Aux États-Unis, il existe une société d’entraide mutualiste nommée "Order of Foresters". Fondée au XIXe siècle, elle avait pour objectif de rassembler des membres dans une sorte de fraternité offrant un soutien financier en cas de maladie, pour des funérailles ou l’accès à l’éducation. Pour cela, les membres payaient une cotisation régulière, souvent modeste, qui alimentait un fonds commun. Ce n’était pas une organisation religieuse, même si beaucoup de membres étaient croyants et que les cérémonies pouvaient être teintées de culture catholique. Dans certaines communautés d’immigrés aux États-Unis (notamment italiennes), ils formaient leurs propres sections locales, appelées "Courts", pour s’entraider entre compatriotes. À New York existait la Court Corleone (n°446), constituée exclusivement de membres originaires de cette ville.
Petrosino enquêtait déjà sur les associations de secours mutuel et très certainement sur la "Court Corleone", qu’il n’a jamais explicitement mentionnée dans ses rapports.

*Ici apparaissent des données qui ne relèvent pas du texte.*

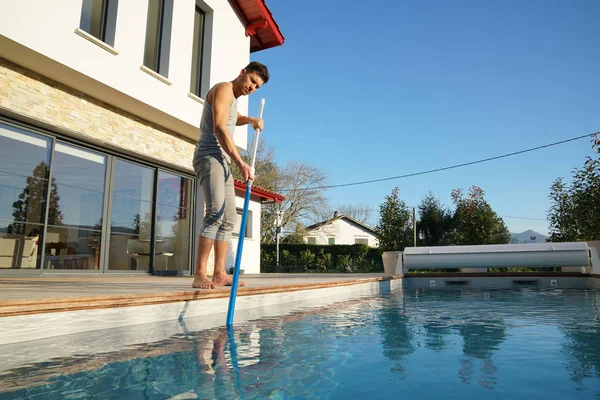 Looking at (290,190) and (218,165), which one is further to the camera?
(290,190)

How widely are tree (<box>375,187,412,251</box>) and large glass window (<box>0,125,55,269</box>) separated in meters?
9.13

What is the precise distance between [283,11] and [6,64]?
8.46 m

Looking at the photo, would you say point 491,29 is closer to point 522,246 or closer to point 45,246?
point 522,246

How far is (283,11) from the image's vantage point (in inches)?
452

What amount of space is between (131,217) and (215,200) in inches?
172

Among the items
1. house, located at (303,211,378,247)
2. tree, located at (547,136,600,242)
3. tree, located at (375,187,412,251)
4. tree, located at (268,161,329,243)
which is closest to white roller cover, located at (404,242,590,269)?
tree, located at (547,136,600,242)

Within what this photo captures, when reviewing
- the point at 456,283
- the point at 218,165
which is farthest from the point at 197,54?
the point at 456,283

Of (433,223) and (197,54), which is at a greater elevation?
(197,54)

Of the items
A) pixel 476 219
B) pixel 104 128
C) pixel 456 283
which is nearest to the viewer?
pixel 104 128

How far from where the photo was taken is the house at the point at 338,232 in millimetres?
29500

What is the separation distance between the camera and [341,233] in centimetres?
3369

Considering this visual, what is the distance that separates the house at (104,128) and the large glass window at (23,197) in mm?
14

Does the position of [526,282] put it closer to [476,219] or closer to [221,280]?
[476,219]

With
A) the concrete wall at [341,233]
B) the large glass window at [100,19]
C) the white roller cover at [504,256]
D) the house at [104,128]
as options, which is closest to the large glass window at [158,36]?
the house at [104,128]
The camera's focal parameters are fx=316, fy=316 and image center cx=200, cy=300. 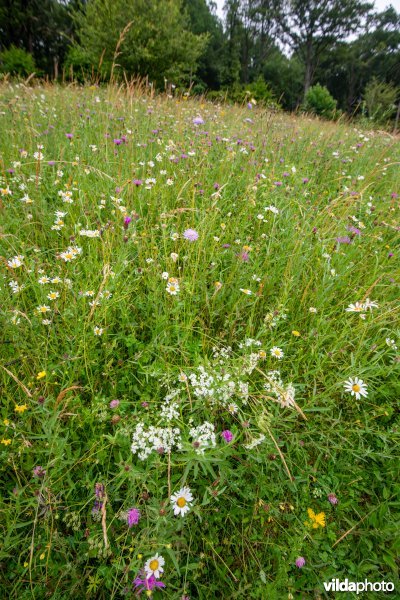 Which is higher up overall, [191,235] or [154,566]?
[191,235]

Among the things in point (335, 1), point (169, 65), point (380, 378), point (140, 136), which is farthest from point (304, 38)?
point (380, 378)

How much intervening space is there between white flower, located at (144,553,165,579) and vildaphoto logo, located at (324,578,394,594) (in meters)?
0.58

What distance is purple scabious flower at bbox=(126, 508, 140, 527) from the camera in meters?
1.03

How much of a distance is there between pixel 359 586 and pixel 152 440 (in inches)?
34.1

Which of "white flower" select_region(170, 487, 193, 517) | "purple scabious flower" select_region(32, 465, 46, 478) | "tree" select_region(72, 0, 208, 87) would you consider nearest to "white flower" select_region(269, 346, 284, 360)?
"white flower" select_region(170, 487, 193, 517)

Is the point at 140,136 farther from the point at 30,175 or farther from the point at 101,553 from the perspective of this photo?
the point at 101,553

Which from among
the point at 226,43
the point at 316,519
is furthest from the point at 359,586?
the point at 226,43

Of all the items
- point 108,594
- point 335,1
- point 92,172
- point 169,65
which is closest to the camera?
point 108,594

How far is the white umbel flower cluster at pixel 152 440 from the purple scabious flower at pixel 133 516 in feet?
0.53

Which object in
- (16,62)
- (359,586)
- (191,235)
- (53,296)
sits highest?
(16,62)

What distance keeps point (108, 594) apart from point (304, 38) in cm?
3604

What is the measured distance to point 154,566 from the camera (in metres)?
0.97

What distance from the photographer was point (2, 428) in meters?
1.20

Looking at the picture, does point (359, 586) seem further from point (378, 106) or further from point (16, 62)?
point (16, 62) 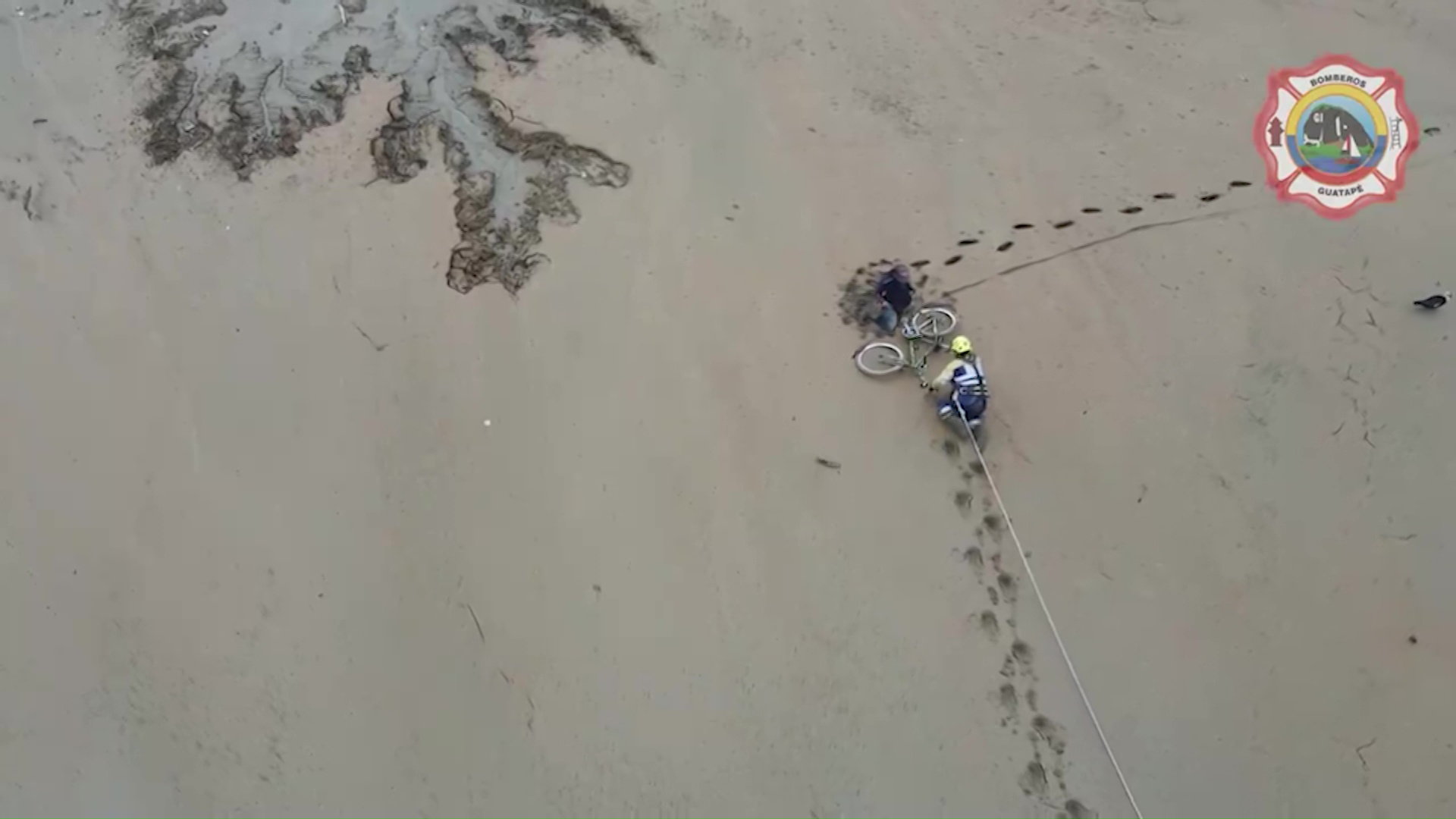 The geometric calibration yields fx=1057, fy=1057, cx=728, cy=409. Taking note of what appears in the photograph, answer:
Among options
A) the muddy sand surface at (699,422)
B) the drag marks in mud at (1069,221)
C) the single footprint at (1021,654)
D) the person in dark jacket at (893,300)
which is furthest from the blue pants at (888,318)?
the single footprint at (1021,654)

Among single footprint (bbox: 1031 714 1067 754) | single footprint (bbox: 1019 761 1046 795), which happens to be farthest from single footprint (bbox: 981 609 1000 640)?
single footprint (bbox: 1019 761 1046 795)

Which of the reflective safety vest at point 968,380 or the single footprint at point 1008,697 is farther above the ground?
the reflective safety vest at point 968,380

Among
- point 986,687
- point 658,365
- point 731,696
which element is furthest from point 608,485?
point 986,687

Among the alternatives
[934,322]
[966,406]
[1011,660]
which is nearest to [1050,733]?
[1011,660]

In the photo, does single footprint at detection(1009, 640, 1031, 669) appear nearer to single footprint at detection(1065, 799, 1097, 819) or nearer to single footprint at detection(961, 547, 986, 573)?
single footprint at detection(961, 547, 986, 573)

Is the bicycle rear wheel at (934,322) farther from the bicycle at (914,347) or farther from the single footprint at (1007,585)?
the single footprint at (1007,585) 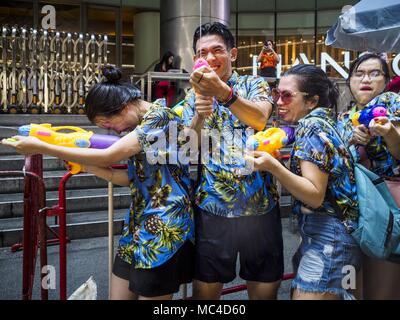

Ces structures contribuaient à des réunions mafieuses ainsi qu’à des collectes d’argent pour le crime organisé.
L'Italian Squad continua d'enquêter sur ce genre d'associations et, en janvier 1907, les soupçons d'une possible organisation criminelle se confirmèrent. Un homme fut retrouvé allongé sans vie dans la neige près du 411 East 106th Street par un laitier du quartier. La police arriva rapidement sur les lieux, suivie de Petrosino. L'homme fut identifié comme étant Salvatore Canale, un cordonnier résidant au 226 East Ninety-seventh Street avec sa femme et leurs quatre enfants. Originaire de Corleone, il avait migré à New York en 1899. Au moment de sa mort, il était sans emploi depuis plusieurs semaines et sa femme était tombée malade.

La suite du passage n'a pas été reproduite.